> _The data_
★ ★ ★ ★ ★ ★ ★

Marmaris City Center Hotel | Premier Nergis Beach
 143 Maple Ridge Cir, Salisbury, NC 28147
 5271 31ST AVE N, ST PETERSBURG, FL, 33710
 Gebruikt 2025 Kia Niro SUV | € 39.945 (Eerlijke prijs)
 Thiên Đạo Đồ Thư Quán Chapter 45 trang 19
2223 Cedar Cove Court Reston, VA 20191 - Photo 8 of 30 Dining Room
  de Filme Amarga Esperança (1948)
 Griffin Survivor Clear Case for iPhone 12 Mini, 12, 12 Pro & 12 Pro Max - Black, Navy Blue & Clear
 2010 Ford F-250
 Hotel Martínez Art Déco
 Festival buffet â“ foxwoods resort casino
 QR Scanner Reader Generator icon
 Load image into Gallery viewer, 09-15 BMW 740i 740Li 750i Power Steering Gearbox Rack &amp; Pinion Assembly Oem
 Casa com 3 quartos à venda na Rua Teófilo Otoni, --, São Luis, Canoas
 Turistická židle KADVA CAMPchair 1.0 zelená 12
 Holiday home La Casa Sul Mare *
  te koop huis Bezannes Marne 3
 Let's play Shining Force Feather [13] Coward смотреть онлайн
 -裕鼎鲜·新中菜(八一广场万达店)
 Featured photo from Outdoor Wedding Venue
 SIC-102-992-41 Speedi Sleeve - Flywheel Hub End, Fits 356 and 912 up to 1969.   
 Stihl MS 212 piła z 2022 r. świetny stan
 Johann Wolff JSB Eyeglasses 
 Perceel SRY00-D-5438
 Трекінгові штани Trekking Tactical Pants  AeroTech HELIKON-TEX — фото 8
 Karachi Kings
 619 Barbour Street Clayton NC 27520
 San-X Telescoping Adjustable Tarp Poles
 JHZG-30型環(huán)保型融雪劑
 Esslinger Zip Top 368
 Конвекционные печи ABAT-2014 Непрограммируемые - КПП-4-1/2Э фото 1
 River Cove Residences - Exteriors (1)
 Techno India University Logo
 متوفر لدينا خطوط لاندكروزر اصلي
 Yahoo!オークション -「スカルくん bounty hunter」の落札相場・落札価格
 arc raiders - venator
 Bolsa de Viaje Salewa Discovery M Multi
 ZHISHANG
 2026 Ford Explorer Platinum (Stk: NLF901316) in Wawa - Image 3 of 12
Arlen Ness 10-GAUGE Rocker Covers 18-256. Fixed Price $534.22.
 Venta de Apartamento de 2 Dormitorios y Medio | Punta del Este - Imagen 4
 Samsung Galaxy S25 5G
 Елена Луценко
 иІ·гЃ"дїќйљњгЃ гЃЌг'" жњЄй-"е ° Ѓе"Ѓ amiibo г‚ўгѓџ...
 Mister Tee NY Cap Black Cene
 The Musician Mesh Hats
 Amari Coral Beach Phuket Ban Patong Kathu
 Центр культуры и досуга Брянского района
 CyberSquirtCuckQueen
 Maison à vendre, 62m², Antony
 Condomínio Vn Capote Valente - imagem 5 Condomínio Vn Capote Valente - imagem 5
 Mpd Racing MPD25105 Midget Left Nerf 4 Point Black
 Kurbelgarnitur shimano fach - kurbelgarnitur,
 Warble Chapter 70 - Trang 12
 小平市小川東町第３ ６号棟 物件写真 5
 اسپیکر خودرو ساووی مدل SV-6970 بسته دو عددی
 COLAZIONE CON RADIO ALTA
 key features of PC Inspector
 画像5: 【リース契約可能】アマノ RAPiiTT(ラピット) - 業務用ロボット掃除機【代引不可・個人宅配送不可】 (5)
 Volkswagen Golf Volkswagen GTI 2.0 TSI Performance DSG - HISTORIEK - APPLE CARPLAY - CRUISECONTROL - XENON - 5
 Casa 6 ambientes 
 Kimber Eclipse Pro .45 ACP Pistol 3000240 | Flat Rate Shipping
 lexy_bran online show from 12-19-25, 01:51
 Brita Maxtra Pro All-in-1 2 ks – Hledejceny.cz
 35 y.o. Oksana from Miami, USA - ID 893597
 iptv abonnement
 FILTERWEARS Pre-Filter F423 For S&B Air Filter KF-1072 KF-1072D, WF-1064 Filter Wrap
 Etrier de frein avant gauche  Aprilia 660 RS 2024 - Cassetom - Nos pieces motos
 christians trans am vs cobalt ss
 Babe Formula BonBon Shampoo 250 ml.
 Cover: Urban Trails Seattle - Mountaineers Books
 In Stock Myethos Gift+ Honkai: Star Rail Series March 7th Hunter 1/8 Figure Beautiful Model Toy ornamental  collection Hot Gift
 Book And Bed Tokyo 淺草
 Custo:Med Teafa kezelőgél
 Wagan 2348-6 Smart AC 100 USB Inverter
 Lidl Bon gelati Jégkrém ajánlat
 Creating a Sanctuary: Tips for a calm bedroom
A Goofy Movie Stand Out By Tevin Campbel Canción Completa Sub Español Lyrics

★ ★ ★ ★ ★ ★ ★

Repeat each entry exactly as it was given.

Marmaris City Center Hotel | Premier Nergis Beach
 143 Maple Ridge Cir, Salisbury, NC 28147
 5271 31ST AVE N, ST PETERSBURG, FL, 33710
 Gebruikt 2025 Kia Niro SUV | € 39.945 (Eerlijke prijs)
 Thiên Đạo Đồ Thư Quán Chapter 45 trang 19
2223 Cedar Cove Court Reston, VA 20191 - Photo 8 of 30 Dining Room
  de Filme Amarga Esperança (1948)
 Griffin Survivor Clear Case for iPhone 12 Mini, 12, 12 Pro & 12 Pro Max - Black, Navy Blue & Clear
 2010 Ford F-250
 Hotel Martínez Art Déco
 Festival buffet â“ foxwoods resort casino
 QR Scanner Reader Generator icon
 Load image into Gallery viewer, 09-15 BMW 740i 740Li 750i Power Steering Gearbox Rack &amp; Pinion Assembly Oem
 Casa com 3 quartos à venda na Rua Teófilo Otoni, --, São Luis, Canoas
 Turistická židle KADVA CAMPchair 1.0 zelená 12
 Holiday home La Casa Sul Mare *
  te koop huis Bezannes Marne 3
 Let's play Shining Force Feather [13] Coward смотреть онлайн
 -裕鼎鲜·新中菜(八一广场万达店)
 Featured photo from Outdoor Wedding Venue
 SIC-102-992-41 Speedi Sleeve - Flywheel Hub End, Fits 356 and 912 up to 1969.   
 Stihl MS 212 piła z 2022 r. świetny stan
 Johann Wolff JSB Eyeglasses 
 Perceel SRY00-D-5438
 Трекінгові штани Trekking Tactical Pants  AeroTech HELIKON-TEX — фото 8
 Karachi Kings
 619 Barbour Street Clayton NC 27520
 San-X Telescoping Adjustable Tarp Poles
 JHZG-30型環(huán)保型融雪劑
 Esslinger Zip Top 368
 Конвекционные печи ABAT-2014 Непрограммируемые - КПП-4-1/2Э фото 1
 River Cove Residences - Exteriors (1)
 Techno India University Logo
 متوفر لدينا خطوط لاندكروزر اصلي
 Yahoo!オークション -「スカルくん bounty hunter」の落札相場・落札価格
 arc raiders - venator
 Bolsa de Viaje Salewa Discovery M Multi
 ZHISHANG
 2026 Ford Explorer Platinum (Stk: NLF901316) in Wawa - Image 3 of 12
Arlen Ness 10-GAUGE Rocker Covers 18-256. Fixed Price $534.22.
 Venta de Apartamento de 2 Dormitorios y Medio | Punta del Este - Imagen 4
 Samsung Galaxy S25 5G
 Елена Луценко
 иІ·гЃ"дїќйљњгЃ гЃЌг'" жњЄй-"е ° Ѓе"Ѓ amiibo г‚ўгѓџ...
 Mister Tee NY Cap Black Cene
 The Musician Mesh Hats
 Amari Coral Beach Phuket Ban Patong Kathu
 Центр культуры и досуга Брянского района
 CyberSquirtCuckQueen
 Maison à vendre, 62m², Antony
 Condomínio Vn Capote Valente - imagem 5 Condomínio Vn Capote Valente - imagem 5
 Mpd Racing MPD25105 Midget Left Nerf 4 Point Black
 Kurbelgarnitur shimano fach - kurbelgarnitur,
 Warble Chapter 70 - Trang 12
 小平市小川東町第３ ６号棟 物件写真 5
 اسپیکر خودرو ساووی مدل SV-6970 بسته دو عددی
 COLAZIONE CON RADIO ALTA
 key features of PC Inspector
 画像5: 【リース契約可能】アマノ RAPiiTT(ラピット) - 業務用ロボット掃除機【代引不可・個人宅配送不可】 (5)
 Volkswagen Golf Volkswagen GTI 2.0 TSI Performance DSG - HISTORIEK - APPLE CARPLAY - CRUISECONTROL - XENON - 5
 Casa 6 ambientes 
 Kimber Eclipse Pro .45 ACP Pistol 3000240 | Flat Rate Shipping
 lexy_bran online show from 12-19-25, 01:51
 Brita Maxtra Pro All-in-1 2 ks – Hledejceny.cz
 35 y.o. Oksana from Miami, USA - ID 893597
 iptv abonnement
 FILTERWEARS Pre-Filter F423 For S&B Air Filter KF-1072 KF-1072D, WF-1064 Filter Wrap
 Etrier de frein avant gauche  Aprilia 660 RS 2024 - Cassetom - Nos pieces motos
 christians trans am vs cobalt ss
 Babe Formula BonBon Shampoo 250 ml.
 Cover: Urban Trails Seattle - Mountaineers Books
 In Stock Myethos Gift+ Honkai: Star Rail Series March 7th Hunter 1/8 Figure Beautiful Model Toy ornamental  collection Hot Gift
 Book And Bed Tokyo 淺草
 Custo:Med Teafa kezelőgél
 Wagan 2348-6 Smart AC 100 USB Inverter
 Lidl Bon gelati Jégkrém ajánlat
 Creating a Sanctuary: Tips for a calm bedroom
A Goofy Movie Stand Out By Tevin Campbel Canción Completa Sub Español Lyrics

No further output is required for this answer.